The foregoing list of important factors does not include all such factors nor necessarily present them in order of importance. This disclosure, including that under Forward-Looking Statements and Risk Factors, and other forward-looking statements and related disclosures made by the company in this report and elsewhere from time to time, represents managements best judgment as of the date the information is given. The company does not undertake responsibility for updating any of such information, whether as a result of new information, future events, or otherwise, except as required by law.
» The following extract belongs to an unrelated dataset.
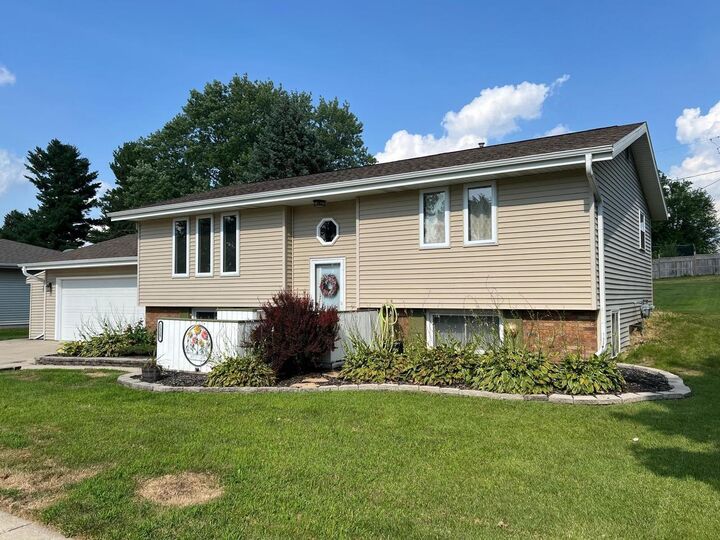 Property Photo: 1327 South Walnut Street WI 53546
Investors are advised, however, to consult any further public company disclosures (such as in filings with the Securities and Exchange Commission or in company press releases) on related subjects.
Item 3. Quantitative and Qualitative Disclosures about Market Risk
Market Risk: The company is exposed to various market risks, including changes in interest rates, foreign currency rates and prices of raw materials. Market risk is the potential loss arising from adverse changes in market rates and prices, such as interest rates and foreign currency exchange rates.
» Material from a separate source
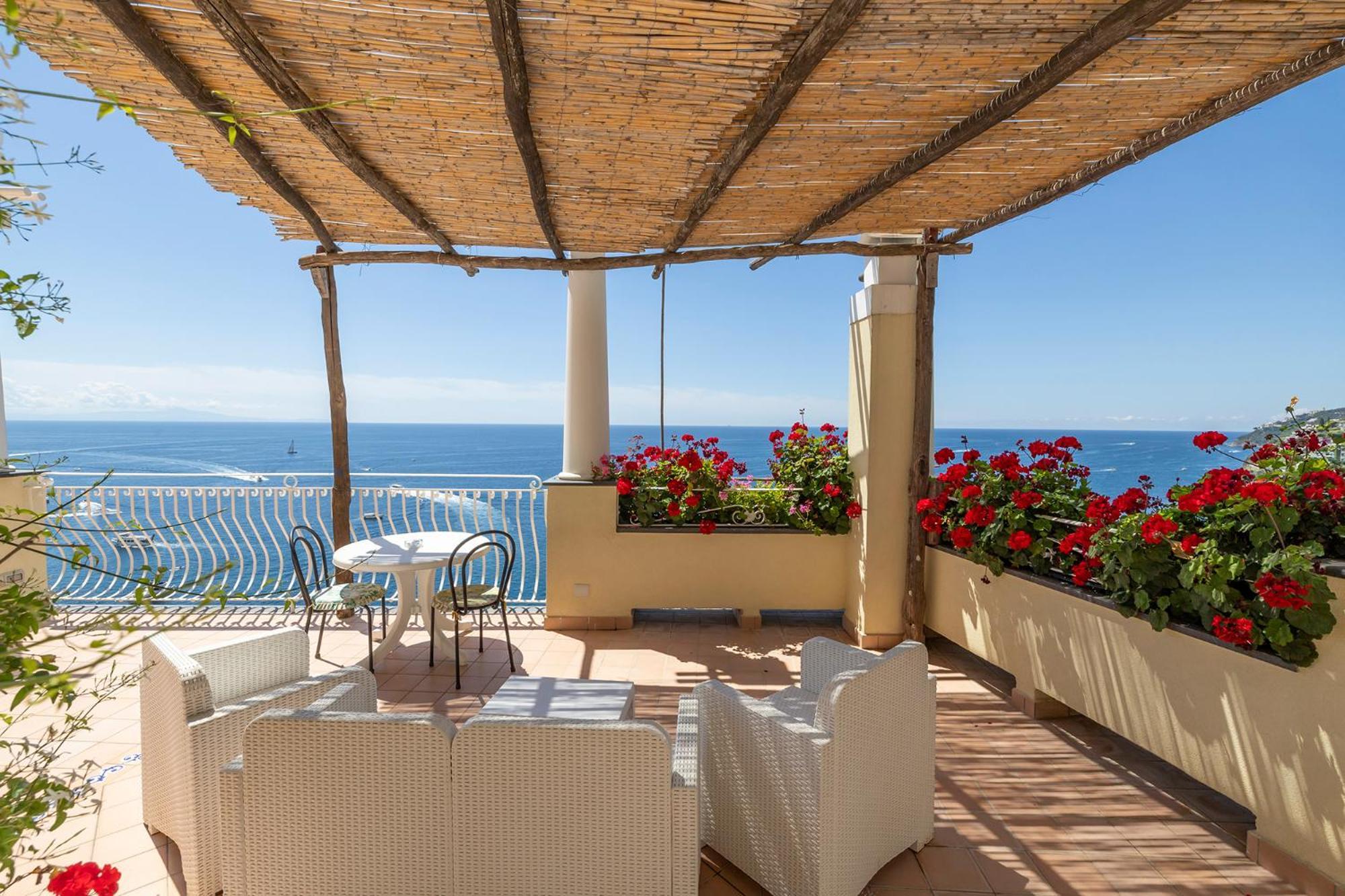 Apartments Amalfi Design Sea View Accessible By 250 Steps Luaran gambar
Interest Rate Risk: Exposure to changes in interest rates result primarily from borrowing activities used to fund operations. Committed floating rate credit facilities are used to fund a portion of operations.
Management believes that probable near-term changes in interest rates would not materially affect financial condition, results of operations or cash flows. The annual impact on net income of a one-percentage point interest rate change on the outstanding balance of its variable rate debt as of February 26, 2005 would be approximately $0.1 million.
Foreign Exchange Risk: As a result of being a global enterprise, there is exposure to market risks from changes in foreign currency exchange rates, which may adversely affect operating results and financial condition. Approximately 53 percent of net revenue was generated outside of the United States in the first three months of 2005. Principal foreign currency exposures relate to the euro, British pound sterling, Japanese yen, Australian dollar, Canadian dollar, Argentine peso and Brazilian real.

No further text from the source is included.